Spy is the type of film that knows exactly how to use the things it’s riffing off of. The prologue is a sustained sequence of espionage and smooth talking by way of Jude Law. There’s the chasing of information, the corny one-liners, and the evocation of smarm. After a quick spat of banter between Law’s Fine and his target, Fine sneezes and accidentally shoots his target in the head, with anterior posited blood cloud and all. That’s when things are passed onto the humorous side of things, hearing McCarthy squawk about how he just messed up through an earpiece. In other films, the tonal shift between serious genre-serving territory and satire can be extremely rough. Feig loads up on the jokes though, reminding you how greasy spy conversations can be when played boldfaced. Think about an Auric Goldfinger monologue interrupted by someone who doesn’t know how to shoot a gun. Even with the ensuing dramatic beats, Spy always has one or more jokes in the chamber to keep the playful atmosphere intact.

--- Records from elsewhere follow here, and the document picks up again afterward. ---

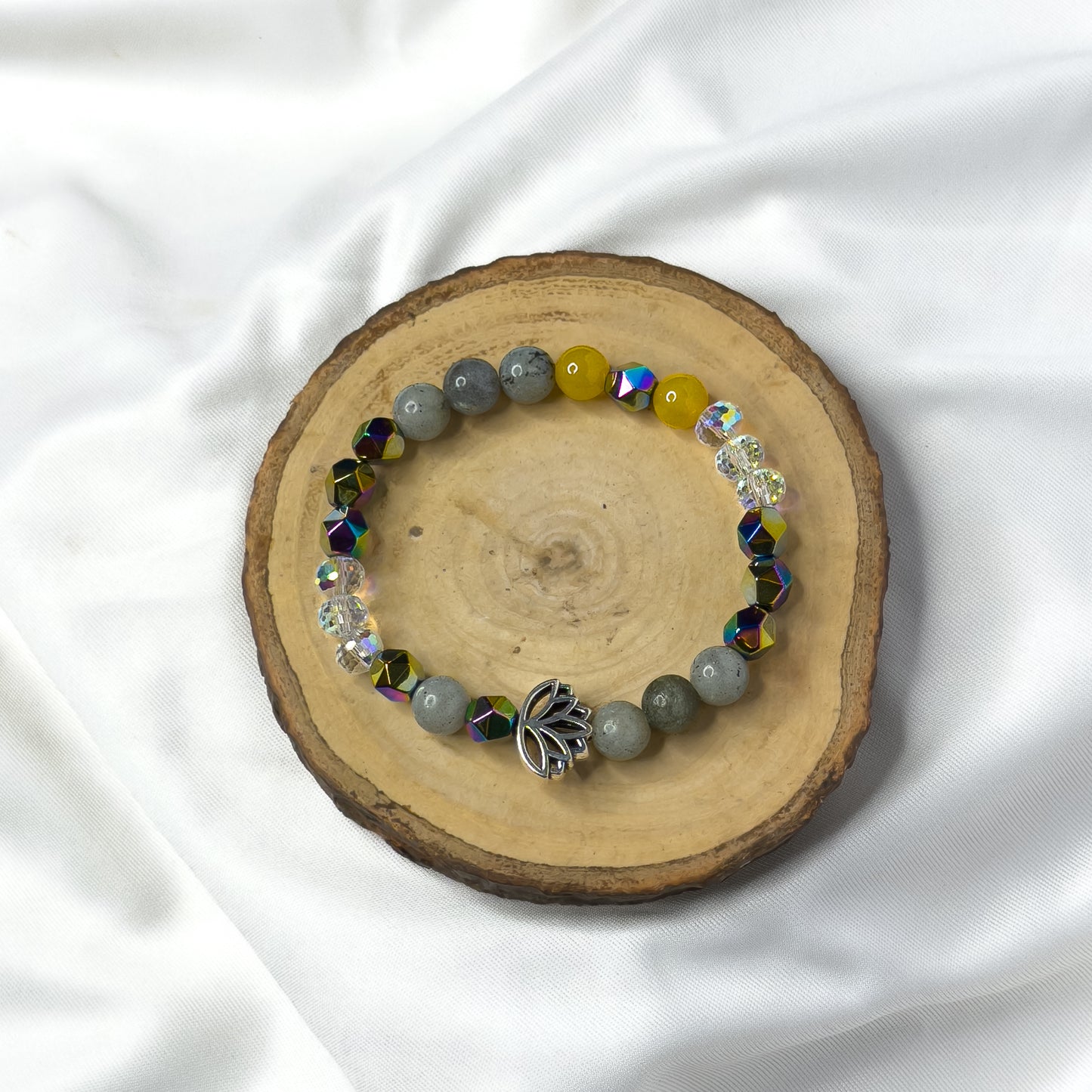 7 Chakra Lotus Bracelet – Faceted Crystal Beads (6mm)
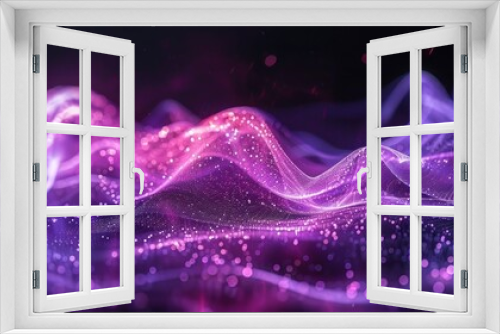 Abstract Purple and Pink Wave with Glowing Particles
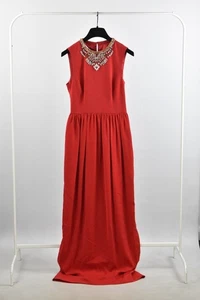 Ted Baker Maxi Dress Size 1 UK 8 Embellished Neckline Red BNWT £349 Occasion - Picture 1 of 13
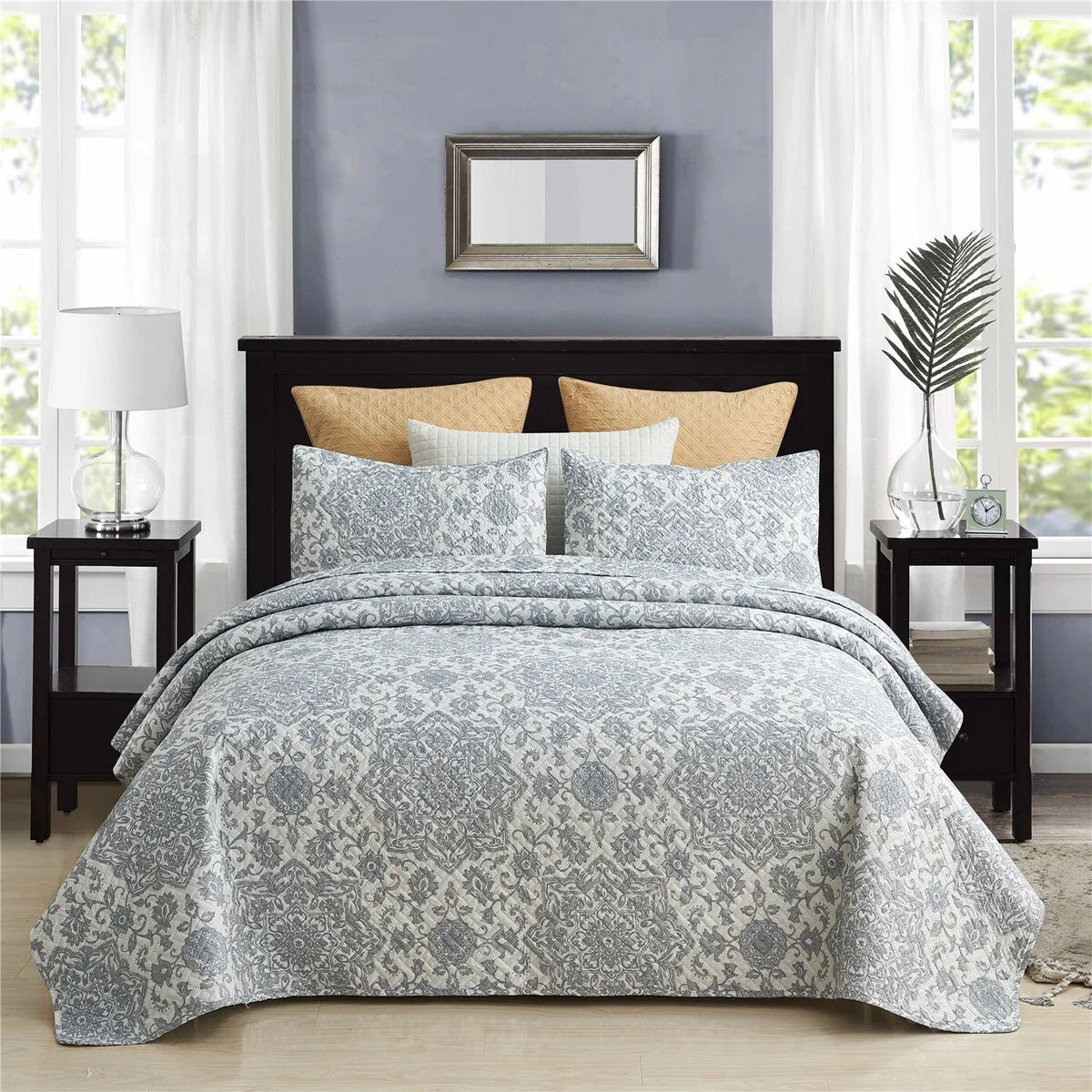 European Floral Quilt Set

The most surprising thing Spy has to offer is the performances. McCarthy’s weight and physical figure do not play for laughs here. Even when a Pepé Le Pew-esque spy, Aldo (Peter Serafinowicz), shows up and puts the moves on McCarthy’s Cooper, he never makes some sly joke about how her weight or figure turns him on. McCarthy’s comedic chops work physically, too. She actually gets to kick ass in Spy. Instead of being the bumbling but sweet agent, she actually gets many chances to put boots to faces. Again, her weight doesn’t get factored in here. Hallelujah!

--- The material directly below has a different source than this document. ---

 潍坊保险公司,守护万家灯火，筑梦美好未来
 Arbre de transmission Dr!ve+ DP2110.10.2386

Jason Statham is the real comedic MVP here with his role as special agent Rick Ford. The pride that Ford has as a special agent comes out in diatribes about the increasingly deadly things he has escaped or survived. We are never led to believe that this guy will one-up McCarthy though; he just gets more and more angry and stumbles more and more when he isn’t the one to save the day. Rose Byrne steals the show, too, once again. She was the funniest person in Neighbors and with this, she slaps on a corny accent and a stern façade. Of course, that rough exterior is broken down as holes upon holes are blown through her nefarious plan. British comedian Miranda Hart keeps the laughs consistent as Susan’s other hapless CIA friend, Nancy. Her brand of comedy is the great cross-section between deadpan and goofy.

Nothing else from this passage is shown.